I do 6502 ASM with bit tricks and all and i can tell you straight up that hex is never as intuitive as decimal IMO.

Base eleven sounds like the stuff of nightmares =)

4 comments

Where the hex is "intuitive" is showing what's "even" to the CPU.

For example we think of 10, 100, 50 as nice round convenient quantities.

CPUs see 16, 256, 2048 as convenient quantities--in hex that's visible: 0x10, 0x100, 0x800.

Right. It lets you see the bits more easily: 0-F is a good representation of 4 bits.

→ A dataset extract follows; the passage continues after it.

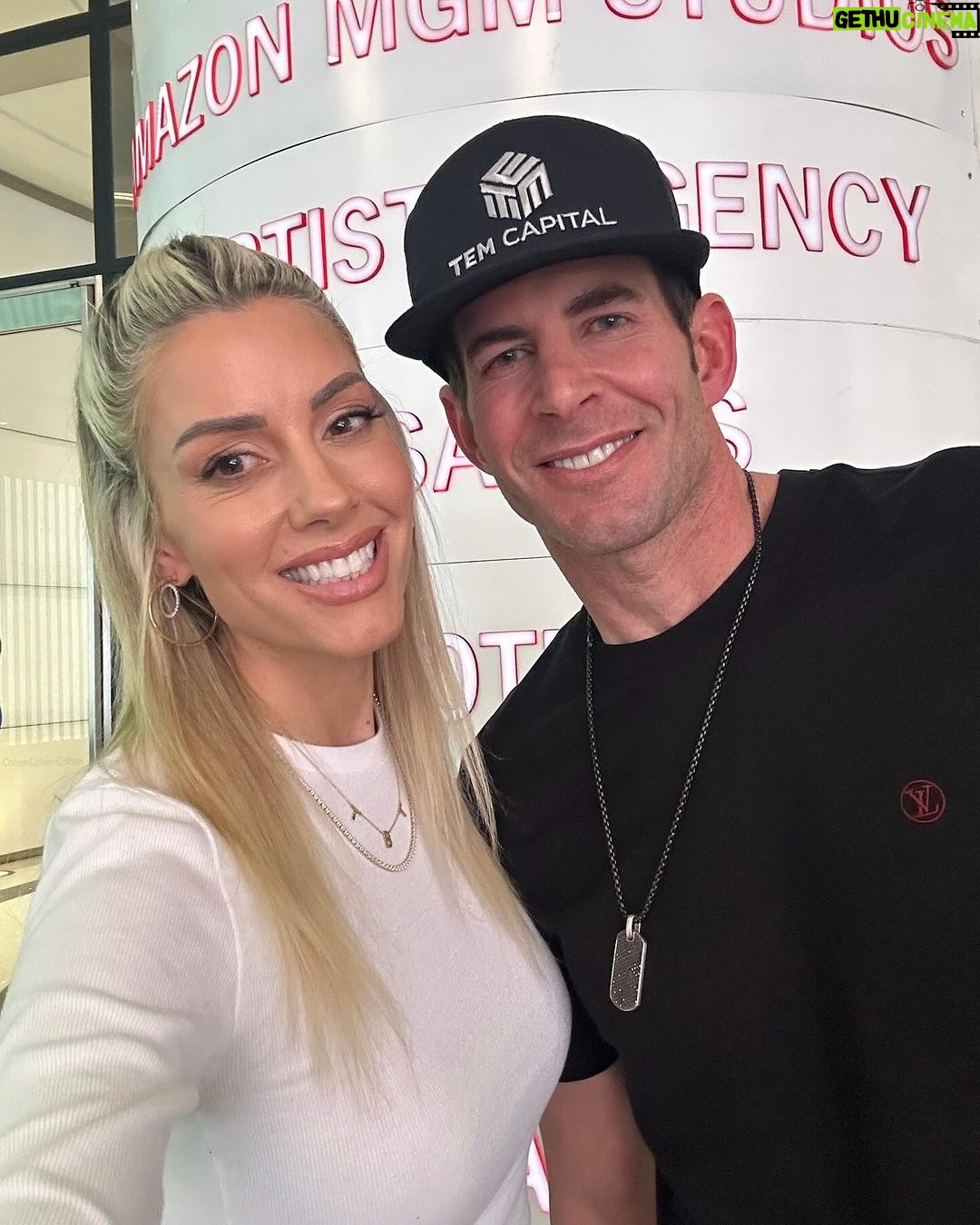 Heather Rae El Moussa Instagram - This husband and wife duo just got interviewed by another powerhouse couple...we already hinted it but did you catch it?? I’m SO excited for this episode to drop! Should Tarek and I do a podcast?? Let us know! 🤫🩷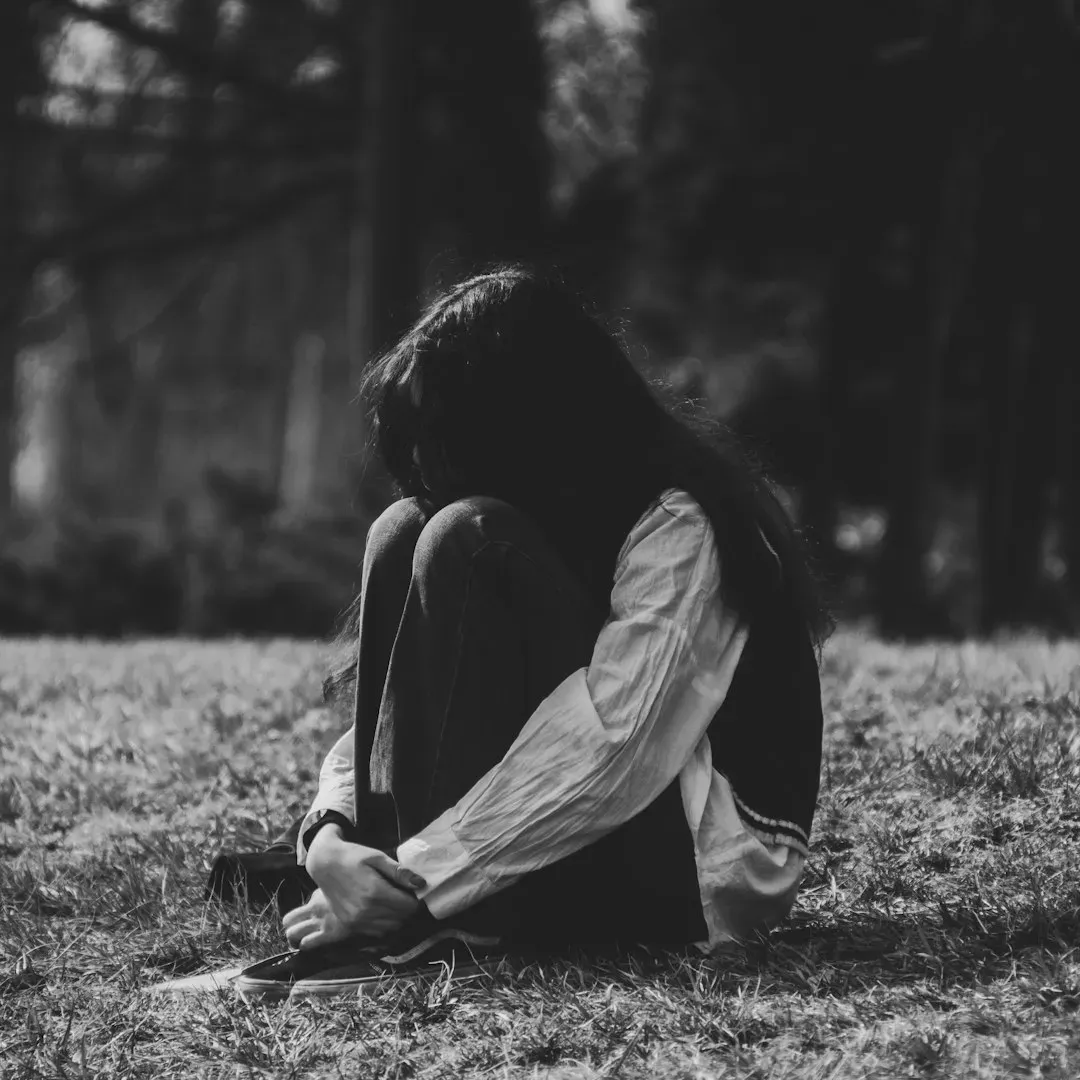 When Vulnerability Feels Like Standing Naked in a Crowd (Image Credits: Unsplash)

Say i were to name a random hex value like #$9C right now it would take me a few seconds to convert that to decimal in my head though... 156 took me a few seconds to sort out. I don't have to think about what 156 means in decimal because i just know what it is.

I'm not quite there, but close to being bilingual (binumeral?) between decimal and hex, and I think it's all about developing better intuition for each digit and their relationships.

For instance, you say 0x9C... that's just over half (0x80) of 0x100, close to 2/3rds (0xAA). Given in embedded we're often using a byte to represent a quantity, that gives enough feel.

I should practice multiplying hex by hand, I reckon that would assist in getting there.

The radix I've used since birth is easier than the one I haven't. Wild stuff.
Yes i do simplify my posts and try to write them in ways that normal people can understand. Your snide comment is a sign of success =)
Do you though? Why is 156 anymore familiar than 9C? I can't imagine 156 things any more than I can 9C things.
Replying to sibling since we've maxxed out comment depth...

> It was $62 degrees Fahrenheit yesterday. I can't just go displaying that in a program. Nor is it meaningful to me without a decimal conversion.

It's just as meaningless to me even if you do the conversion to base10 for display... I don't do deg F intuitively and would have to convert to Celsius in my head. It's all about what we are familiar with.

[0] https://news.ycombinator.com/item?id=27706014

Right but the world runs on base 10 is all i'm trying to say. It's needlessly difficult to use anything else (aside from hex or binary in very specific situations). In some college sophomore philosophy class you could argue for base 27 but it doesn't make your system usable or intelligible.
> It's needlessly difficult to use anything else (aside from hex or binary in very specific situations)

Totally agree. I'm a programmer, so I do need to know those, and as an embedded developer, even more. The average person not so much. I thought that's what this particular thread was all about.

Do you know 212 = 100 = boiling, 32 = 0 = freezing, -40 = -40, and 98.6 = 37 = body temperature?

I have no trouble remembering those, and that the ratio of degree sizes is 5/9ths, so I can figure a formula out whenever I need to.

Sure, I can work it out, and I do use F when talking to friends from the USA. My only point was that I deal with hex numbers all day, so they're more intuitive to me than Fahrenheit is.
> Replying to sibling since we've maxxed out comment depth...

No, you hadn't. I’m pretty sure there is no such thing.

You're right. There was no reply link under your comment... I have no idea what happened or if I'm just an idiot.
Yes. It was $62 degrees Fahrenheit yesterday. I can't just go displaying that in a program. Nor is it meaningful to me without a decimal conversion.
It's interesting that octal used to be popular and isn't any more. I'm not familiar with how that culture shift happened, but I remember learning C in the 80s and thinking it was odd that it supported octal when I'd never seen it anywhere else.
If you learned hex in primary school and there was a primary numeral system for them, you'd find them just as intuitive. Same for base-six etc.
Isn't it more intuitive for OP codes though?